Provident Inst. for Sav. in Jersey City v. Sisters of the Poor of St. Francis

Decision Date30 April 1917
Docket NumberNo. 39/65.,39/65.
Citation87 N.J.Eq. 424,100 A. 894
PartiesPROVIDENT INSTITUTION FOR SAVINGS IN JERSEY CITY v. SISTERS OF THE POOR OF ST. FRANCIS et al.
CourtNew Jersey Court of Chancery

Proceedings between Provident Institution for Savings in Jersey City and the Sisters of the Poor of St. Francis and others, contesting claimants to fund in savings bank, after decree of interpleader. Conclusions in favor of Provident Institution for Savings.

John Milton, of Jersey City, for Sisters of the Poor of St. Francis. Benjamin A. Vail, of Elizabeth, for executor.

STEVENSON, V. C. An old lady, Mrs. Hannah L. Bowdoin, 86 years of age, died in the hospital in Jersey City kept by one of the claimants, the Sisters of the Poor of St. Francis, on the 9th day of September, 1914. The day before she died, when she was in a feeble condition of body and mind, she gave a check upon her savings bank account with the Provident Institution for Savings of Jersey City for $3,000 to the claimant, the Sisters of the Poor. At the same time she gave a check to her executor and business agent, Mr. Mead for $2,000. Both of these attempted transfers of money are conceded to have been without any legal consideration, or, in other words, must stand, if they stand at all, as pure gifts. The total amount of the deposit, as Mrs. Bowdoin knew, was $5,700, so that if we deduct the amount of these two alleged gifts from that deposit, there was still $700 left which belonged to Mrs. Bowdoin and passed to her executor upon her decease. Mr. Mead has made no attempt to claim anything upon the check for $2,000, which was given to him, but has included that amount in the item of his inventory which exhibits the amount of money which Mrs. Bowdoin's estate owns on deposit with the Provident Institution for Savings.

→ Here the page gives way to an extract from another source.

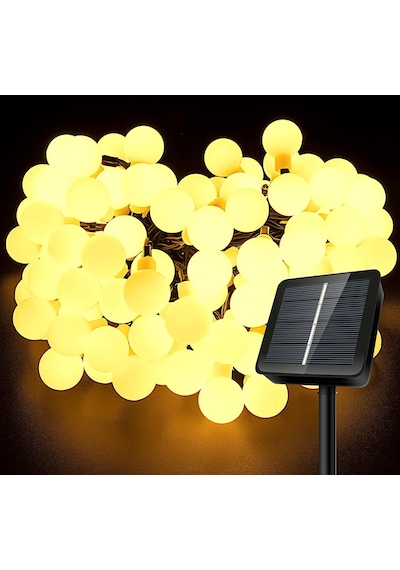 Technojet 50 Led 7m Solar Led Sarı Işık Güneş Enerjili Bahçe Teras Balkon Ağaç Lambası Aydınlatma Sarı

1. The main question toward which the testimony offered on each side and the arguments of counsel were directed was whether this old lady was competent to make this gift, and in fact knew what she was doing, and made the donation without pressure or undue influence of any kind. I recall a considerable number of weighty considerations on each side of this question. It may be noted in favor of the gift that for all that appears Mrs. Bowdoin had few, if any, relatives dependent upon her; that the gift, or alleged gift, of $3,000 transferred less than an eighth of her estate; that she had been cared for in the hospital of the Sisters of the Poor for some time, and, according to the testimony of her executor and man of business, Mr. Mead, had formed the purpose two or three months before her death of making a suitable donation to the hospital. On the other hand, Mrs. Bowdoin was 86 years of age, and although she talked about making a gift from time to time through a period of some months, she did not take measures to effect such gift until she was in an extremely feeble condition, in fact on her dying bed, the day before her death. Mrs. Bowdoin also was in the custody and under the control of the active agents of the alleged donee, and her memory had greatly failed. The circumstances under which this gift was made, made it the duty of the claimant, the donee, to produce all the testimony obtainable to show that Mrs. Bowdoin was competent to make the gift, and in fact knew what she was doing and acted without undue influence from the agents of the donee. The fact that neither the Mother Superior nor the other Sister who took part in this transaction was produced as a witness has weight against the validity of the alleged gift, although reasons of course may be surmised why these ladies were reluctant to go upon the stand.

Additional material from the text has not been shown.